A winter afternoon in Amish country has a storybook feel despite the traffic. One doesn’t have to venture more than 30 miles west of Philadelphia to be surrounded by picturesque hillsides blanketed with snow and punctuated with farm silos. Every home, it seems, has a long pulley-operated clothesline angling from the house to the top of a barn or tall pole, so that frozen sheets and shirts hang 20 feet off the ground.

Off the beaten path of tourist stops and quilt shops, horse-drawn buggies are about as common as cars, and the snowy farms seem an idyllic place to live, until you remember that milking cows in the frozen dawn and shoveling manure into a mule-drawn spreader come with the territory.

Despite their staid reputation, the Amish have a deep sense of humor, though I’m not sure it’s always intended the way visitors take it. Driving along Route 30, you pass through a town called Paradise, where there’s a big sign pointing to “Christ’s Home Office.” I know (thanks to Google) that it’s a residential children’s home, but still — finding Christ’s home office in Paradise was fun.   

In Lancaster, at the Mennonite Information Center, you can see a life-sized replica of the tabernacle as described in the book of Exodus, with the exception that it has real walls and a roof rather than the four layers of woven cloth and skins called for in the Old Testament. It has a really cheesy feel (to me), but the guides take it very seriously. When I asked why the Mennonites have such an interest in the tabernacle, it turns out that the replica was built by a Baptist preacher in Florida about 40 years ago. He later sold it to a Mennonite evangelist, who operated it in Florida for a while before bringing it north. 

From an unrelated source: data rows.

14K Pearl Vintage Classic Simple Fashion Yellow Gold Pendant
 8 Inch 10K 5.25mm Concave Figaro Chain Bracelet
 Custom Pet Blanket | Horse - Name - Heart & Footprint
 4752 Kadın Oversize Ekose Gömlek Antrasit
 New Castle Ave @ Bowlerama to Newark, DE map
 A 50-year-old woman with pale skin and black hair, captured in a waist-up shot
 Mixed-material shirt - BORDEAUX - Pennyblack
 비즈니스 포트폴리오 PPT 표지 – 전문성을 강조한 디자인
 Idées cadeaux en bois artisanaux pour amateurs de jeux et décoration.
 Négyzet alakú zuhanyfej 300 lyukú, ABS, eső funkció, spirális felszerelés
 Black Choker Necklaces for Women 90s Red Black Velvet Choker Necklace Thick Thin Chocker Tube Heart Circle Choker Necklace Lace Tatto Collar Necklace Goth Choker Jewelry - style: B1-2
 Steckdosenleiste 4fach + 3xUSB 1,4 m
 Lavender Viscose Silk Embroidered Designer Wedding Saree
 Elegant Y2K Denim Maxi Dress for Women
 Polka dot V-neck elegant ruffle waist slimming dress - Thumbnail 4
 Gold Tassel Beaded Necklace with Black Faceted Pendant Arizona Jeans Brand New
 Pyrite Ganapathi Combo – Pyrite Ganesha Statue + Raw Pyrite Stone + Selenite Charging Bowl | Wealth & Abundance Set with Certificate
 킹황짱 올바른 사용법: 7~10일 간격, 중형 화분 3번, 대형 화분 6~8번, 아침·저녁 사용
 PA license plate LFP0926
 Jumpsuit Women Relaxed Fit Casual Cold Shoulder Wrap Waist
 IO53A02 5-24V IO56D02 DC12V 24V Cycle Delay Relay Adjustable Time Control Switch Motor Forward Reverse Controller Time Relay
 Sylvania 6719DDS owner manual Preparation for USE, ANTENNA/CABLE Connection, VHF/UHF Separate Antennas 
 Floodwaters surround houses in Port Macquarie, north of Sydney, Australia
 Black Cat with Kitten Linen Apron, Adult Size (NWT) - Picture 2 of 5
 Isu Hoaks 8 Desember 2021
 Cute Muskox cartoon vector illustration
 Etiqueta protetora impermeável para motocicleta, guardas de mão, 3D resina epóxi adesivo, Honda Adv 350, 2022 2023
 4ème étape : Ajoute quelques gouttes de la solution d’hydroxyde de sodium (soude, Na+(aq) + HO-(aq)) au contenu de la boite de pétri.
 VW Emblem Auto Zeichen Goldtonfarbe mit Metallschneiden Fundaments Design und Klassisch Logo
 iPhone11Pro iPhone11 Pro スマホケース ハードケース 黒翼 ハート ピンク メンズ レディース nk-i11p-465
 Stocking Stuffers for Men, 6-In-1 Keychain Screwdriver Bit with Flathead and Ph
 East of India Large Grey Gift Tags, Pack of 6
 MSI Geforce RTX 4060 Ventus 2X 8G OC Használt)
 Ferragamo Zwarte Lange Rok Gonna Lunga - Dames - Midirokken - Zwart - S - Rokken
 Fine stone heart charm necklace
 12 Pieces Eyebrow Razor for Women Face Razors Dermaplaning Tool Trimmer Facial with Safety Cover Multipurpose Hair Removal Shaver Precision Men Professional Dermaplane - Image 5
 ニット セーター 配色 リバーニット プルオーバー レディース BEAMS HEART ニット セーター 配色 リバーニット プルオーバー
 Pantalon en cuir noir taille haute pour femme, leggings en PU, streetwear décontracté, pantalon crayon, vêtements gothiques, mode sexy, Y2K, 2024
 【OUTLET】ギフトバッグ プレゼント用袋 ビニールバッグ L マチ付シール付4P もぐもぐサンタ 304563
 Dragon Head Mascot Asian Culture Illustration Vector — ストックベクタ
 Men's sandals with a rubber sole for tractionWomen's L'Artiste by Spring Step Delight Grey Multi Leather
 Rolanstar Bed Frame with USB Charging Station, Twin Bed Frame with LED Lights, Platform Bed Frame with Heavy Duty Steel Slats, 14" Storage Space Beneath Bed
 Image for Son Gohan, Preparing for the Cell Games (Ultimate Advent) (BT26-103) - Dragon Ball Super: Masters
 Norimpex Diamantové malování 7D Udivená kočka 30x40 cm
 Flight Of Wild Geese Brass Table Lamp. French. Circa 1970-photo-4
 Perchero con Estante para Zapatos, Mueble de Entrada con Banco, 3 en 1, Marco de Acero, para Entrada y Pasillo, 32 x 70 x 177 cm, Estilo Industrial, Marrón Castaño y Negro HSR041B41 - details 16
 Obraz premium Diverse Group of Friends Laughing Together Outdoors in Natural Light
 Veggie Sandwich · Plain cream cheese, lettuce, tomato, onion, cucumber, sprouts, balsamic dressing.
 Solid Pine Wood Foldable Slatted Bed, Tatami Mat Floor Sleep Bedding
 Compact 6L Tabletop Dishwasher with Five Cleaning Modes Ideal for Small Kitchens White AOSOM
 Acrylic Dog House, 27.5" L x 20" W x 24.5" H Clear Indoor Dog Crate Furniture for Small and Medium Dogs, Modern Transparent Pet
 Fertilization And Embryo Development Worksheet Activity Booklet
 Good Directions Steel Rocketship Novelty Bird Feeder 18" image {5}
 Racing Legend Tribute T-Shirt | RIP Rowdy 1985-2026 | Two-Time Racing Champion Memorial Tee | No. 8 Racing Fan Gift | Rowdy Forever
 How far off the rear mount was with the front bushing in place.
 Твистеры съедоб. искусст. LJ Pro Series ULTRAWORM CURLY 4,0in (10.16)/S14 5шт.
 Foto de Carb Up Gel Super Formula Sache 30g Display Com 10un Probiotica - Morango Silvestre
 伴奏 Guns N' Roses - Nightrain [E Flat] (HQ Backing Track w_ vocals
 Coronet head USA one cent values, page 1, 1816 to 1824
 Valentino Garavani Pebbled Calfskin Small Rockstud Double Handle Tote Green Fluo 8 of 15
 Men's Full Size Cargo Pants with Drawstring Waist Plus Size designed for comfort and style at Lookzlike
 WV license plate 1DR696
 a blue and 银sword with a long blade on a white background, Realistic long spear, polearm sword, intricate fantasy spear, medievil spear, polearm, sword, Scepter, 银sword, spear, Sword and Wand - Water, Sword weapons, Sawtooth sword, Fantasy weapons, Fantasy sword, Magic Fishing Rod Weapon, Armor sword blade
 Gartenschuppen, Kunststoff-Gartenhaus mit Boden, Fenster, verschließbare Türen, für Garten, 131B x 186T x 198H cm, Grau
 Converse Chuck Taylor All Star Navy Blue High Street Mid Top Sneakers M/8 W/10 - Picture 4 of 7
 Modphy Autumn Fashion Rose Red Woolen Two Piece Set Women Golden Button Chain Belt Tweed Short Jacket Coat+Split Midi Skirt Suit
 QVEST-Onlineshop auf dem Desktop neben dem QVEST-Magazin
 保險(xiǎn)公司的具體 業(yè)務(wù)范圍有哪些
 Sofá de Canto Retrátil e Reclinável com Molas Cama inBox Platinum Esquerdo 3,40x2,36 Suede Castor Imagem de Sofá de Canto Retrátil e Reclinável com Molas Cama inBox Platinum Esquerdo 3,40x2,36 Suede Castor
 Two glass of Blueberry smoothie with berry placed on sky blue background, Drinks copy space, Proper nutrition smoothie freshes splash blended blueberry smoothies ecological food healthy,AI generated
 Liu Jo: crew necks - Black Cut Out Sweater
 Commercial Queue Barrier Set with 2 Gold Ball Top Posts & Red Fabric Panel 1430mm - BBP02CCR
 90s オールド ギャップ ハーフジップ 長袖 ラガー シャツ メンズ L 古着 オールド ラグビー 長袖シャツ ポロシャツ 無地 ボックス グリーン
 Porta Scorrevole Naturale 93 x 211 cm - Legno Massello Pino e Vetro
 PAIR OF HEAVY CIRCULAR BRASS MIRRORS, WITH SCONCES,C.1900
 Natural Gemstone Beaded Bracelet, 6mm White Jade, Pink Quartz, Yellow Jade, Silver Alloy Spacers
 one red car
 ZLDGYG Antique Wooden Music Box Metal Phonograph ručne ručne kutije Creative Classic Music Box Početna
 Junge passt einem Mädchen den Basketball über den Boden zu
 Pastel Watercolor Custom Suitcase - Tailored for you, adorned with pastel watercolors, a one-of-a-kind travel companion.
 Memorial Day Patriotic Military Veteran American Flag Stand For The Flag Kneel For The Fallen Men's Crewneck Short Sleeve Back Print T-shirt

Stopping at Katie’s Kitchen, you can sample pepper cabbage and creamed celery while falling in love with their homemade peanut butter. Then, looping back along Route 340, you can visit communities with names like Bird-in-Hand, Intercourse (really), and White Horse. Running low on fuel, I wondered why there seemed to be so few gas stations, until I remembered that buggies run on one horsepower. 

The Prius did make it down Octorara Trail to a WaWa station in Sadsbury, and I was glad: hitching a buggy ride into town would not be much of a storybook ending.